Skip the pictures. Give all the data again exactly.

- [Items listed in a dataset]:
——————————
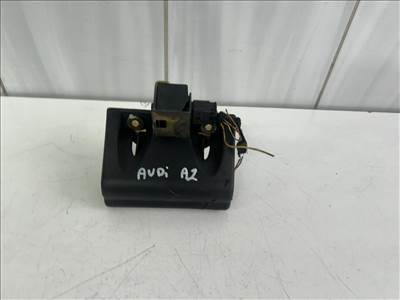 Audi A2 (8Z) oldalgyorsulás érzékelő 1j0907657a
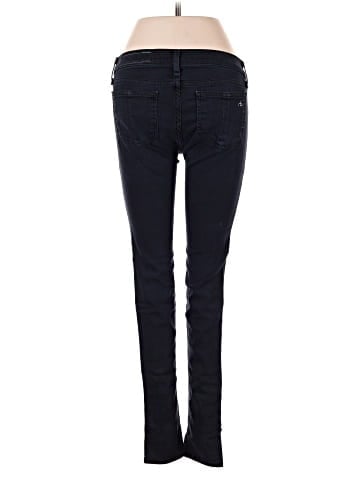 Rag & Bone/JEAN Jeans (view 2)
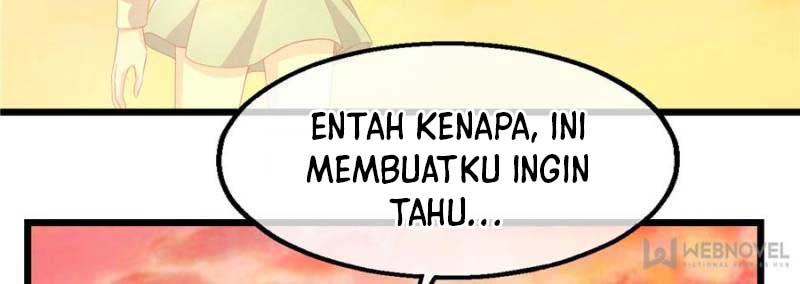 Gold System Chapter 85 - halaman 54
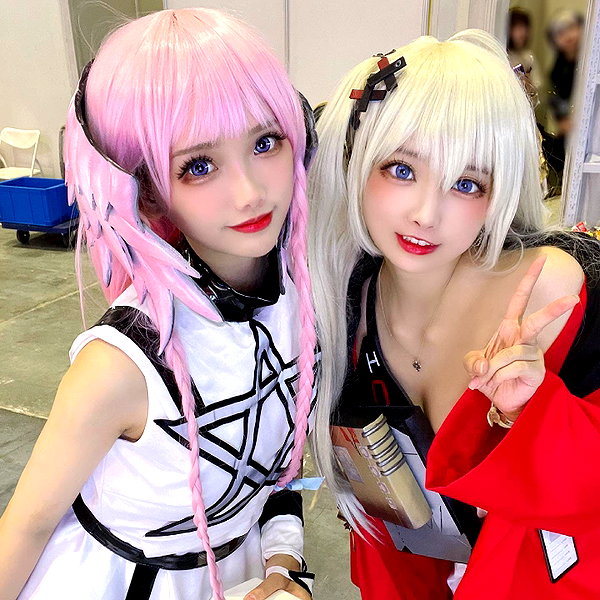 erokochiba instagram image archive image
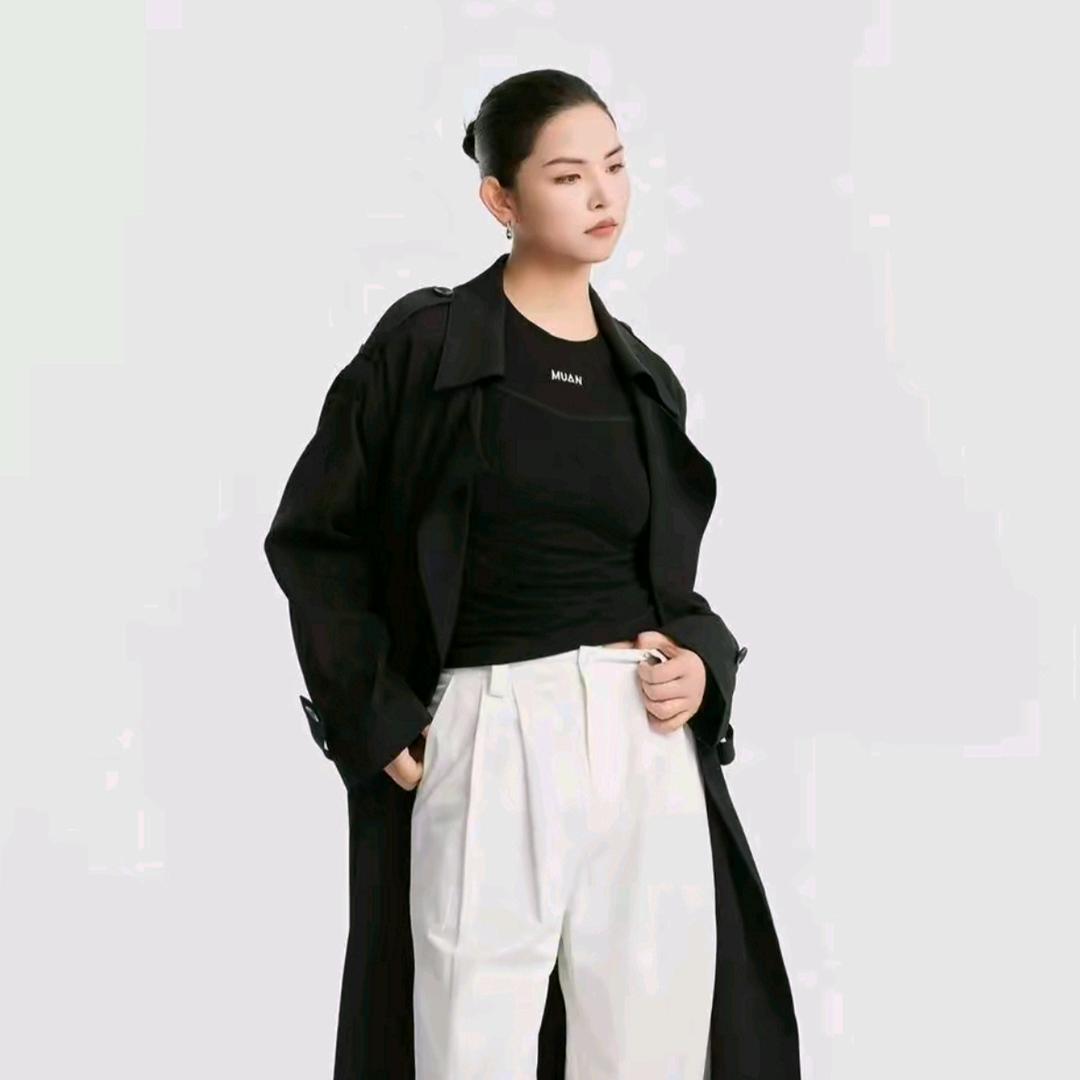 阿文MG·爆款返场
——————————
- [Your response]:
 Audi A2 (8Z) oldalgyorsulás érzékelő 1j0907657a
 Rag & Bone/JEAN Jeans (view 2)
 Gold System Chapter 85 - halaman 54
 erokochiba instagram image archive image
 阿文MG·爆款返场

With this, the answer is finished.